You go and buy oil paint thinner from your local art store. It HAS to be fine arts quality paint thinner. they usually smell like oranges or some BS that tries to tell you it's not ACTUALLY a harsh chemical (it's a lie!). Oil paint thinner is in of itself, oily, so you need to be able to remove IT after you're done. So aside from the thinner, you will need a face cloth, and a bowl of hot water and dish soap.
Now listen. If you let the paint dry on the fabric, the thinner will still get it out, but you will have to let the thinner sit on the fabric for a couple of minutes. If the fabric has cheap dye, it will fade under the thinner. If the fabric is plastic based, it may wear from this, so a) be careful where you apply it and try to get it ONLY on the paint and b) proceed with caution and know the longer it sits, the more it dissolves.
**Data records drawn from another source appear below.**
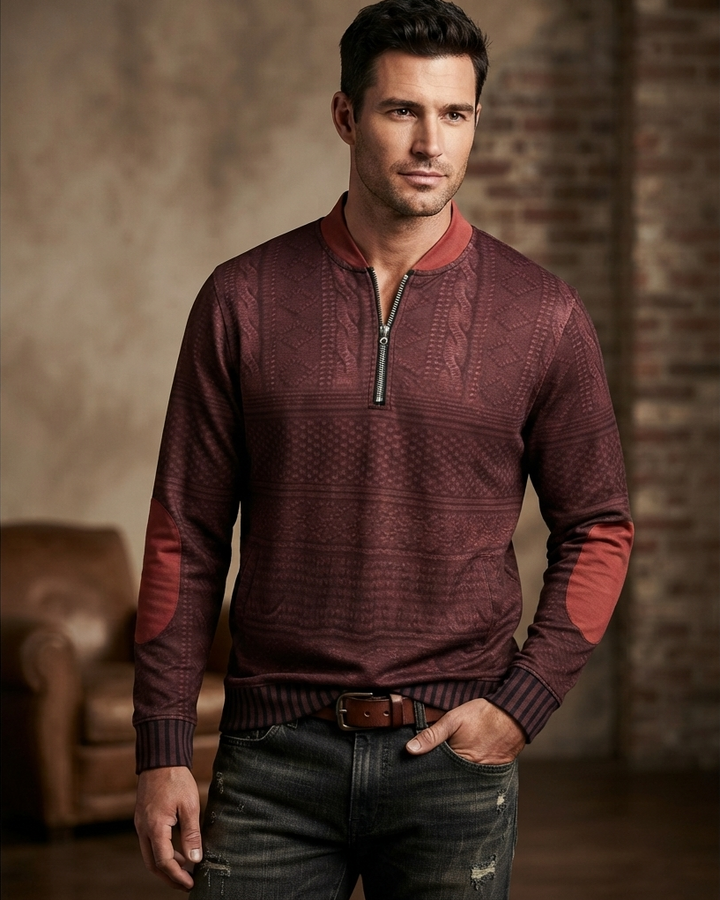 Mens Quarter Zip Knit Sweater Cable Pattern Panels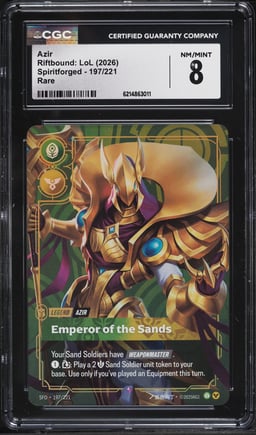 2026 Riftbound League Of Legends LoL Spiritforged Azir #197 CGC 8 NM-MT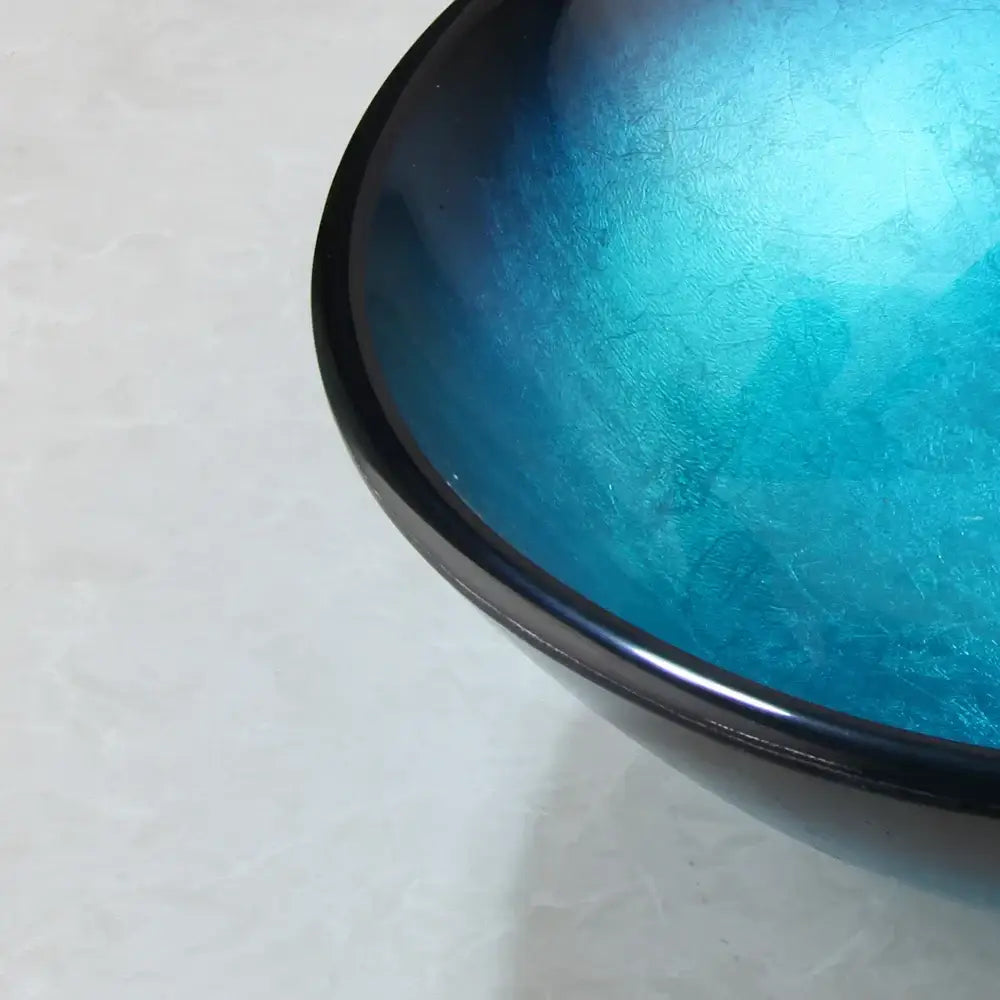 Blue Glass Vessel Sink Set with Black Mixer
If the paint is wet, great! You simply wipe a good amount of the thinner into the affected area. Scrub with fingertips quickly, get that paint worked up, and then use the cloth and the soapy water to QUICKLY scrub the paint and thinner out of the fabric. This will work. It will come out easily. The quicker you get the thinner out of the fabric, the less fading and wearing it will do. You have about 30 seconds before it will start making a difference in any way, so move quickly and your clothes will be just fine. I have taken 2 year old oil paint right out of thick carpeting no problem doing this.
I'm not responsible for any stupid happenings that may be a result of this. Use your brain, don't do this on a $200 jacket. Also, don't paint while wearing a $200 jacket. Or near a $200 jacket. Practice safe painting.